I narrowed my eyes and turned to see Tim in his guard suit, brandishing his billy club. “Shut up and keep moving!”
“Eff you,” the Kid began angrily, but I clapped my hand over his mouth and dragged him along.
There had been a glitter in Tim’s eyes. My face ached with wanting to smile, but of course I didn’t, just shuffled up into the bleachers with the others to await some fresh horror.
My life sucked more every day.
76
IT WAS MERRY.
Today’s victim was Merry.
My heart seized and I sucked in a shocked breath when I saw my roommate getting hauled onto the canvas floor of the ring. As usual, there was a gurney and two “nurses,” who were checking the equipment, filling syringes, getting ready to kill a kid.
Merry’s small face peered into the bleachers, but I knew she couldn’t see anyone past the lights. I wanted to shout out to her, which would be fine if I didn’t mind getting dragged out of the bleachers, beaten, and possibly tossed up on the stage next to her for a double feature.

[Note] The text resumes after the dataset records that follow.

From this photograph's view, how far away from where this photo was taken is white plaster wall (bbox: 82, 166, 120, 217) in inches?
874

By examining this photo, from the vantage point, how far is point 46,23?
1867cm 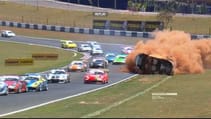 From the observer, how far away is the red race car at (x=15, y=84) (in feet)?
146

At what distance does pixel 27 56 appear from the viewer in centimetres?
8756

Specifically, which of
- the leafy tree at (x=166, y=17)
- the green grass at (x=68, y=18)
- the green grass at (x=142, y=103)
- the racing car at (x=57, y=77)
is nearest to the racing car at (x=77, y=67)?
the racing car at (x=57, y=77)

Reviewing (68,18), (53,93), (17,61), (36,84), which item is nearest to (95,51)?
(17,61)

All I could do was send her thoughts—pointless, I know. But it was all I had.
It’s okay, Merry. It won’t hurt. It will all be over soon. I didn’t know if I was trying to comfort her or me.
“What the hell they doin’?” the Kid whispered next to me.

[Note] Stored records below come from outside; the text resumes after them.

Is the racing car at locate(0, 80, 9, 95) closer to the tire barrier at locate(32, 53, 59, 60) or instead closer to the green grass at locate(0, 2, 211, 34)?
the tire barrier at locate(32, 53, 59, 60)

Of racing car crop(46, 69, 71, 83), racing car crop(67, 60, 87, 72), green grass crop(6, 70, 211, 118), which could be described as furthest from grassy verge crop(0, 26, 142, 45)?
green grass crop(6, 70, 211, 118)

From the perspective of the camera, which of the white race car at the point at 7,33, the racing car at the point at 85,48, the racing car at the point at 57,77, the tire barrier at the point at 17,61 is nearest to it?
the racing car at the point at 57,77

“Shut up!” I hissed between clenched teeth. “Unless you want the crap kicked out of you.”
They put Merry on the gurney and hooked her up to the machines. I remembered how young she was, how hard prison was for her. I wondered where Diego and Vijay were. I thought about Robin, how she and Merry had helped me. Glancing over the Kid’s head, I saw Cassie staring somberly at the ring. Her face was still, her eyes heavy with unshed tears.
Merry was scared, her eyes wide with fear. Her fine, mouse-colored hair hung limply over the side of the gurney. She had parents. They didn’t know what had happened to her. Now she was about to die, and they would never know.

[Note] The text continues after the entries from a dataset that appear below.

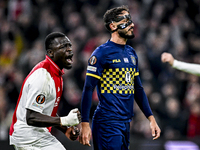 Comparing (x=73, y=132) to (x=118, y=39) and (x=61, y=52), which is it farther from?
(x=118, y=39)

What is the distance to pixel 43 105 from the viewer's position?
359cm

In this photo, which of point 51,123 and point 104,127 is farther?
point 104,127

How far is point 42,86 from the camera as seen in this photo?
3.58 m

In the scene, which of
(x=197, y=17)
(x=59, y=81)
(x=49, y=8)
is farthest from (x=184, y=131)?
(x=49, y=8)

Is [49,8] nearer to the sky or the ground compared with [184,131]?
nearer to the sky

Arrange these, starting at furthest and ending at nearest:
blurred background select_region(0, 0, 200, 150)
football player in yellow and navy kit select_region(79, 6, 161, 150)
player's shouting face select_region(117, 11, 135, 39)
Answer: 1. blurred background select_region(0, 0, 200, 150)
2. player's shouting face select_region(117, 11, 135, 39)
3. football player in yellow and navy kit select_region(79, 6, 161, 150)

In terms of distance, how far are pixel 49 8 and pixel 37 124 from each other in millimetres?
7800

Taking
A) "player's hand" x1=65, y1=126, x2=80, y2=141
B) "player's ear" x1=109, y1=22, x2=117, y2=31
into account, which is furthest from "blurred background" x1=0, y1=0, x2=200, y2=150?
"player's ear" x1=109, y1=22, x2=117, y2=31

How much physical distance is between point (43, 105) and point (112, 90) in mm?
928

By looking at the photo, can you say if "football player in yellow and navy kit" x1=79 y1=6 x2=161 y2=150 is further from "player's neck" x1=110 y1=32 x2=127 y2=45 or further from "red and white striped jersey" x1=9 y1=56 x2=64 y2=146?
"red and white striped jersey" x1=9 y1=56 x2=64 y2=146

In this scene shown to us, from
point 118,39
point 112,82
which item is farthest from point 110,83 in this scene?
point 118,39

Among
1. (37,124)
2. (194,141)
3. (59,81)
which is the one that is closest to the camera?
(37,124)

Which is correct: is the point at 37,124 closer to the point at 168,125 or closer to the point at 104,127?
the point at 104,127

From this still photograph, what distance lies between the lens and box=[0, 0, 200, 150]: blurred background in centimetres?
810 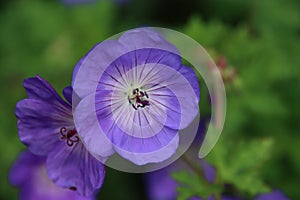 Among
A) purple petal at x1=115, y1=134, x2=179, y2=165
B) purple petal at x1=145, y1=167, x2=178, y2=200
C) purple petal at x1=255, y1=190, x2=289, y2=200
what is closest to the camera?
purple petal at x1=115, y1=134, x2=179, y2=165

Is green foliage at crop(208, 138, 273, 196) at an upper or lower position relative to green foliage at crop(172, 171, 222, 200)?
upper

“Jesus H. Christ,” the Kid muttered next to me. When his wiry little hand gripped my arm, I took pity on him and let it stay there.
It was the usual, the machines, the injections. I’d seen it several times before, but I wasn’t getting used to it. It was still terrifying. It still made me feel frantic, sick, enraged, and helpless. My throat closed when I saw Merry’s eyes go blank, and I forgot to breathe as her heartbeat flattened out and stopped. I tried to ignore what was happening, tried to think about anything else instead, but found tears spilling out of my eyes and my nose stuffing up. Angrily I wiped my sleeve over my face.
“Every ending is a beginning,” Strepp announced, standing in the center of the ring. “Remember that.”
I’d never hated her more, never wanted to kill her more than right then.
As we got up to file out, Nate suddenly doubled over and threw up. Inmates shrieked and jumped away from him. Cassie patted his back.